I submit jobs to a spark cluster in Dataproc (with Hadoop Yarn). and I see that no matter the properties that I set for spark.master and deployment-mode, when I go the Spark UI, in the Environment tab of the job it is always shown local for spark.master, and the different stages of the job always uses the same executor id, even when there is room for more.

e.g.:

gcloud dataproc jobs submit spark --cluster mycluster --regionmyregion --class MyApp --properties 'spark.executor.extraJavaOptions=-verbose:class,,spark.master=yarn,spark.deploy-mode=cluster,spark.submit.deployMode=client,spark.executor.instances=2,spark.scheduler.mode=FIFO,spark.executor.cores=2,spark.dynamicAllocation.minExecutors=2'
1
You don't need to specify these properties, by default Dataproc Spark uses YARN, client mode and dynamic allocation.Dagang
Thanks for the response.
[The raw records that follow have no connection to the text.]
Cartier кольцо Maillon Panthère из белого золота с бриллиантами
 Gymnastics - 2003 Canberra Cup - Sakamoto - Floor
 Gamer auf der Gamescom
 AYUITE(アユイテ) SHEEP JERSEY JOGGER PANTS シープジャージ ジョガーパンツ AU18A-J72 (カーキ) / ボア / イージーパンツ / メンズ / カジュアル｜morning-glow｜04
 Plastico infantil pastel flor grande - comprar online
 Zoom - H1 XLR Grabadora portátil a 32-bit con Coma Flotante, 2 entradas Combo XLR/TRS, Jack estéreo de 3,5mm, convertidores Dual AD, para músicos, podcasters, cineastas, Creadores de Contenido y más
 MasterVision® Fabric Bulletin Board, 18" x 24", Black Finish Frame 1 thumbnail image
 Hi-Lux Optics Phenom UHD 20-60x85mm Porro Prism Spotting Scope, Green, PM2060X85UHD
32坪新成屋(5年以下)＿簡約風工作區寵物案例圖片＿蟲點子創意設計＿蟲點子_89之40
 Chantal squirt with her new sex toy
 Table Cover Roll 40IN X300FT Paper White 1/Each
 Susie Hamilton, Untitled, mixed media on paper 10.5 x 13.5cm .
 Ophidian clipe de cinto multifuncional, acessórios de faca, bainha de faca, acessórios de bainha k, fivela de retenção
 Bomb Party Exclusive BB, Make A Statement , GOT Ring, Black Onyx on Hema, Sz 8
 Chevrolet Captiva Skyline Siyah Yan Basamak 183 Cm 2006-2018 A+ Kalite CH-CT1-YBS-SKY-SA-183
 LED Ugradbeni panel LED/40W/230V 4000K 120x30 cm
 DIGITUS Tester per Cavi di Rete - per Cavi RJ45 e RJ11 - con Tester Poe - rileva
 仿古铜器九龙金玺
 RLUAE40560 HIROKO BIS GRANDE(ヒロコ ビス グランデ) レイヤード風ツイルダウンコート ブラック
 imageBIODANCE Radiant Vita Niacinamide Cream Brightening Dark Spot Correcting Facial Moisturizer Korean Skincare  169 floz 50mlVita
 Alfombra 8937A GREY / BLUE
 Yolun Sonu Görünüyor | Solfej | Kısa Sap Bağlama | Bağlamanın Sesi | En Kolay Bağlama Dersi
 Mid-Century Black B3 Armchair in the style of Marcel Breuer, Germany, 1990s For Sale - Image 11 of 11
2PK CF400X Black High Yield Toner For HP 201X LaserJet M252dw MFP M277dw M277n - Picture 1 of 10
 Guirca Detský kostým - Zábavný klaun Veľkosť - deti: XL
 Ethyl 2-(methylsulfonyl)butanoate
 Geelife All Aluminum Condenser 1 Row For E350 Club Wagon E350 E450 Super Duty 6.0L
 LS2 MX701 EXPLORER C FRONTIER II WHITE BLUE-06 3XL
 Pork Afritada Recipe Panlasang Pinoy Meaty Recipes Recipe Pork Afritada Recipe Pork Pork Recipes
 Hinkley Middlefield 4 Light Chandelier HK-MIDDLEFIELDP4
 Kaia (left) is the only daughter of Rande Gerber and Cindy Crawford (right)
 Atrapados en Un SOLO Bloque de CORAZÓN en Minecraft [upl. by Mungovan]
However the job environment shows "local"? Is that meaningless @Dagang?vejeta
How did you open the Spark UI?Dagang
I set a private ssh tunnel as described here: cloud.google.com/community/tutorials/ssh-tunnel-on-gce or here: cloud.google.com/dataproc/docs/concepts/accessing/… Then, through the browser I can access the Spark UI, and the Spark History Server: http://mymasternode:4040 http://mymasternode:10200vejeta
I had set .set("spark.master", "local") in the code, and that had precedence over the properties sent while submitting.vejeta

1 Answers

2
votes

I had set .set("spark.master", "local") in the code, and that had precedence over the properties sent while submitting.